How to Be a Disruptor
How does a small, young company beat an industry giant on its own turf? Through what Harvard Business School professor Clayton Christensen calls disruptive innovation.
It works like this. Big players focus on sustaining innovation, upgrading existing products and services to attract higher-paying customers. But soon they start to ignore all the regular customers who just want simple, low-cost alternatives. That’s where the entrepreneurial company jumps in with that basic offering. The big guys stay focused on more profitable customers and begin to overserve, adding bells and whistles no one wants to pay for. Meanwhile, the disruptor improves its product to appeal to more people. By the time the incumbent notices, the disruptor has already started to take over the market.
The classic example is the steel mini mills which first produced low-quality rebar, then moved to sheet steel, stealing business from the large mills that had been dominant. More recent disruptors include makers like Toyota and Hyundai, which launched with economy models then added luxury features and brands.

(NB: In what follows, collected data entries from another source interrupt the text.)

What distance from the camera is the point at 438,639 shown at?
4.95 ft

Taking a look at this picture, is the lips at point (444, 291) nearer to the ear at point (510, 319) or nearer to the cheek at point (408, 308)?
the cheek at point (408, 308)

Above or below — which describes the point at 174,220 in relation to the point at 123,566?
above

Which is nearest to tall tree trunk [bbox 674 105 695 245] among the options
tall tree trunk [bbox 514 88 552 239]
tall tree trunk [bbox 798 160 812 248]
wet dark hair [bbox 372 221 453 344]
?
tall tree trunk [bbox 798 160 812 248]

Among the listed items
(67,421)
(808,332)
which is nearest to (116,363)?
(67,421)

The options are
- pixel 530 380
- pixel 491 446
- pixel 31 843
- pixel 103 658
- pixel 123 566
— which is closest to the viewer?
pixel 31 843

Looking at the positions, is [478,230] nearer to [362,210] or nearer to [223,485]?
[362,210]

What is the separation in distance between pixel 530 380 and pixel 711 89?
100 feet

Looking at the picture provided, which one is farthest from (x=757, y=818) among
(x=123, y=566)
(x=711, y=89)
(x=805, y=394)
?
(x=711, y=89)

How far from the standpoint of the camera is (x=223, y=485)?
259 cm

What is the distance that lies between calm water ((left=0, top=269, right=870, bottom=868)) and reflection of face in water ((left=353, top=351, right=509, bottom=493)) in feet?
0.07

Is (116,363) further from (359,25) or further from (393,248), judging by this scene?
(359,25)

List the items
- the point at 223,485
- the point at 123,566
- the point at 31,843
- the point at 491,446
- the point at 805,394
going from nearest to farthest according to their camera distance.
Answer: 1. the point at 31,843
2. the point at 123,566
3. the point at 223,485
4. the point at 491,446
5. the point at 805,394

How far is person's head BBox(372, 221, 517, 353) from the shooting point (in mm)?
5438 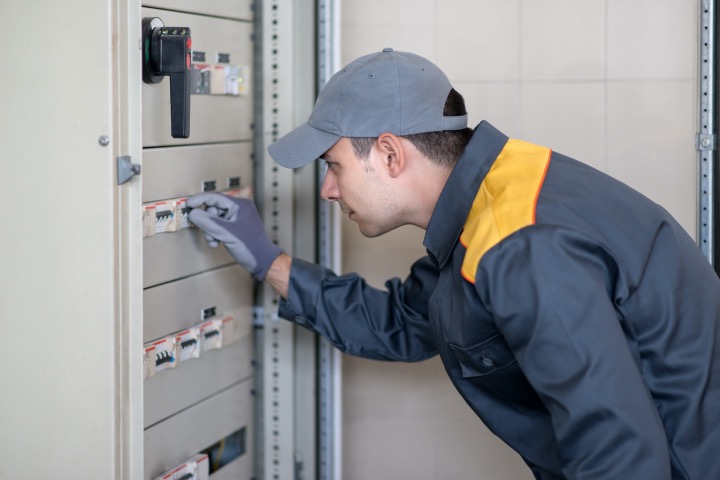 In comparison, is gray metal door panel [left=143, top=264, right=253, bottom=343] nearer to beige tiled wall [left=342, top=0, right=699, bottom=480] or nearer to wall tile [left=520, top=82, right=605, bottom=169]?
beige tiled wall [left=342, top=0, right=699, bottom=480]

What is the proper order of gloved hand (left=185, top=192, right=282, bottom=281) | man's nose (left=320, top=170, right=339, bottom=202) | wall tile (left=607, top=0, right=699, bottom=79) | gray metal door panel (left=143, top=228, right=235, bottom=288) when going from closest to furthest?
man's nose (left=320, top=170, right=339, bottom=202)
gray metal door panel (left=143, top=228, right=235, bottom=288)
gloved hand (left=185, top=192, right=282, bottom=281)
wall tile (left=607, top=0, right=699, bottom=79)

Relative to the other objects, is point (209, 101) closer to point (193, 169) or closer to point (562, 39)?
point (193, 169)

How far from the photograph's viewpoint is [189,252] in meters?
1.84

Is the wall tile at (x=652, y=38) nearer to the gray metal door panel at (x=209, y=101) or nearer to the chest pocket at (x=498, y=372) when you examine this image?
the gray metal door panel at (x=209, y=101)

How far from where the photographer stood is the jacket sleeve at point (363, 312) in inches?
75.5

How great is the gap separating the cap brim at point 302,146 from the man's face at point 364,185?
0.08 feet

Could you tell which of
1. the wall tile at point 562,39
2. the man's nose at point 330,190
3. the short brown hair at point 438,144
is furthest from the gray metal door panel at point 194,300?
the wall tile at point 562,39

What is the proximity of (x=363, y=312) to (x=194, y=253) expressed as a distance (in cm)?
39

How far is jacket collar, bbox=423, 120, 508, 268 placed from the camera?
142 cm

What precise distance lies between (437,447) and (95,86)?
1.44 meters

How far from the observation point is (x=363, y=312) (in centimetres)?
193

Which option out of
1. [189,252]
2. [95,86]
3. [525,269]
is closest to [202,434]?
[189,252]

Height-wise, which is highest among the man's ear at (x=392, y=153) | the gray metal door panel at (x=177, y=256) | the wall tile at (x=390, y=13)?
the wall tile at (x=390, y=13)

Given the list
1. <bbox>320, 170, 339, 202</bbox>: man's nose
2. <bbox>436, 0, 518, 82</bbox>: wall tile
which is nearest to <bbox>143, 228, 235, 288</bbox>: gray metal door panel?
<bbox>320, 170, 339, 202</bbox>: man's nose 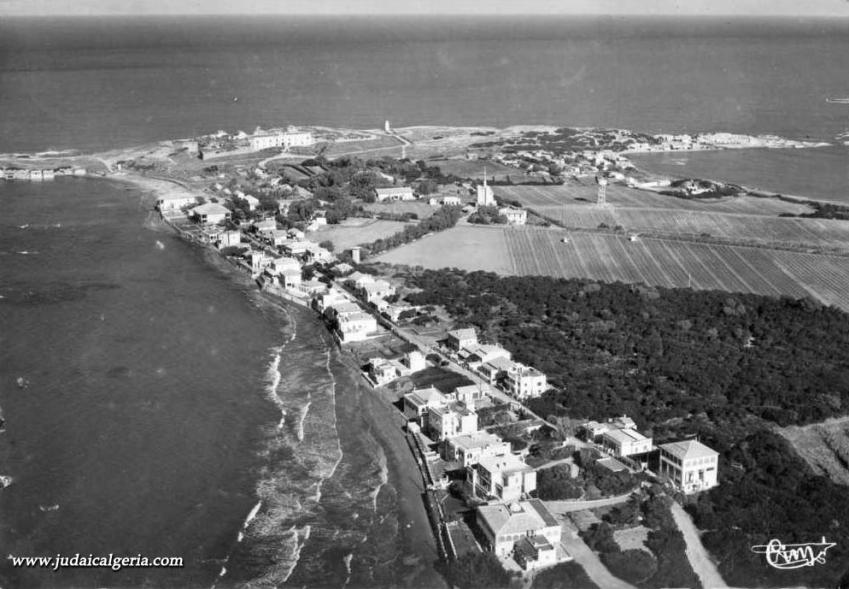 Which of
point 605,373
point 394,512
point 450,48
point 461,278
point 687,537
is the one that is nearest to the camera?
point 687,537

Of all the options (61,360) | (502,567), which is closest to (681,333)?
(502,567)

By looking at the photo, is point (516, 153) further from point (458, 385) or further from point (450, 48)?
point (450, 48)

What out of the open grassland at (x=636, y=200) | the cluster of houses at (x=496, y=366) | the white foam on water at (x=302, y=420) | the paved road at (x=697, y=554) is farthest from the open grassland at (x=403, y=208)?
the paved road at (x=697, y=554)

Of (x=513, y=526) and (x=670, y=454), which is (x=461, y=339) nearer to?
(x=670, y=454)

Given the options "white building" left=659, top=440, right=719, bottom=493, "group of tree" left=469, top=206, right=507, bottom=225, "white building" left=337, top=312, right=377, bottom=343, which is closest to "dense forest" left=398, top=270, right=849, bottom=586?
"white building" left=659, top=440, right=719, bottom=493

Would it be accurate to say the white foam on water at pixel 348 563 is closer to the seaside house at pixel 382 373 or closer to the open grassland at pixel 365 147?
the seaside house at pixel 382 373

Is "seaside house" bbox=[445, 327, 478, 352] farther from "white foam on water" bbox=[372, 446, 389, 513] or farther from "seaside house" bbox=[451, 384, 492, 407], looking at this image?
"white foam on water" bbox=[372, 446, 389, 513] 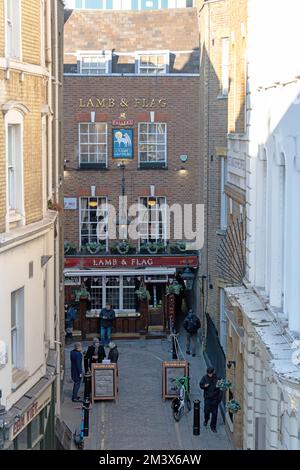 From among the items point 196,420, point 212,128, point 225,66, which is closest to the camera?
point 196,420

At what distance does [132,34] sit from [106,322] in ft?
40.3

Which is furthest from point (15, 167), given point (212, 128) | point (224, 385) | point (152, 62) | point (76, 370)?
point (152, 62)

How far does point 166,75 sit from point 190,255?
6.90 meters

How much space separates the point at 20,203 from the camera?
1906 cm

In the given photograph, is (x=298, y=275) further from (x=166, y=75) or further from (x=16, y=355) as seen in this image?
(x=166, y=75)

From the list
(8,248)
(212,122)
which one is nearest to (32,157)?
(8,248)

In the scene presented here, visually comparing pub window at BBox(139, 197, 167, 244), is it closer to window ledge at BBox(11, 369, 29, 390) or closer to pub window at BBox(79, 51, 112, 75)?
pub window at BBox(79, 51, 112, 75)

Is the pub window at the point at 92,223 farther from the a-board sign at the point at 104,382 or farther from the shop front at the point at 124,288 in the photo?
the a-board sign at the point at 104,382

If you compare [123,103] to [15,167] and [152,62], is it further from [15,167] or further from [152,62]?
[15,167]

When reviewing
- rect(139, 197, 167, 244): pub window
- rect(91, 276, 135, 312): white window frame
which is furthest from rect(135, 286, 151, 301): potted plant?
rect(139, 197, 167, 244): pub window

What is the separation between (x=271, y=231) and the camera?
19109mm

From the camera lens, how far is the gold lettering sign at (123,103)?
3862 cm

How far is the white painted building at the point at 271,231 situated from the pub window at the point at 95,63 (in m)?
17.1

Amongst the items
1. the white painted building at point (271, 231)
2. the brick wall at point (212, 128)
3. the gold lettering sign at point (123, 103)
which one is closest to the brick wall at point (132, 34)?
the gold lettering sign at point (123, 103) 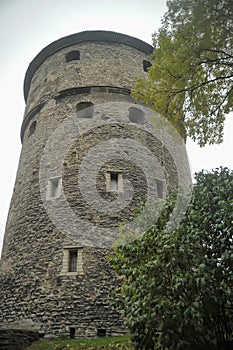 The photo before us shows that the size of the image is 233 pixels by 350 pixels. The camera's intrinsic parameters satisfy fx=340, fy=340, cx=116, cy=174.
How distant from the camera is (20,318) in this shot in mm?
10641

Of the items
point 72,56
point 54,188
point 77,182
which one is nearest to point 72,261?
point 77,182

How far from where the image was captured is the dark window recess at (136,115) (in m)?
14.9

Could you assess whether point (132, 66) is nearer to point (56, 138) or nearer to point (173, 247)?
point (56, 138)

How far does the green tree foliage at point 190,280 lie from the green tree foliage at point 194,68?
2.11 metres

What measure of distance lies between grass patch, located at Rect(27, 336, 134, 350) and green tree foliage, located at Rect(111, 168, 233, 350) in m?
1.75

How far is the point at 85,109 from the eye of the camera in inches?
574

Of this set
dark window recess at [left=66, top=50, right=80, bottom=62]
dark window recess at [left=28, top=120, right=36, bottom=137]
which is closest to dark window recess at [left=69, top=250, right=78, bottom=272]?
dark window recess at [left=28, top=120, right=36, bottom=137]

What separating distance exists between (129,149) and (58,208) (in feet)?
12.0

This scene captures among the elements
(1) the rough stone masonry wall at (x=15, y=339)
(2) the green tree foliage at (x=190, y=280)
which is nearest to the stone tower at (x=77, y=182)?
(1) the rough stone masonry wall at (x=15, y=339)

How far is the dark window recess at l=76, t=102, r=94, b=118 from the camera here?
14484mm

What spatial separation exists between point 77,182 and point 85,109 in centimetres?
374

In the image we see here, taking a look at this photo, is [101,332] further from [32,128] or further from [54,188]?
[32,128]

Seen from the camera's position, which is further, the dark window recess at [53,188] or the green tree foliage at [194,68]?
the dark window recess at [53,188]

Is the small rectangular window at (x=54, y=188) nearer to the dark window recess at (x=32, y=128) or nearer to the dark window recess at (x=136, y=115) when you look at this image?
the dark window recess at (x=32, y=128)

The only way for industry giants to fight back is by launching their own disruptive innovations. To succeed, they must treat the project as a separate unit with a different business model and growth expectations; ask what job do customers need to get done; segment customers by job, not by product, market size, or demographics; and develop basic, low-cost ways to get the job done. That’s how Procter Gamble came up with Crest White Strips, a cheap, do-it-yourself alternative to an expensive dental service.
Disruptive innovation creates new markets and reshapes existing ones. To achieve growth in a fast-changing world, you want to be a disruptor. Don’t be disruptive.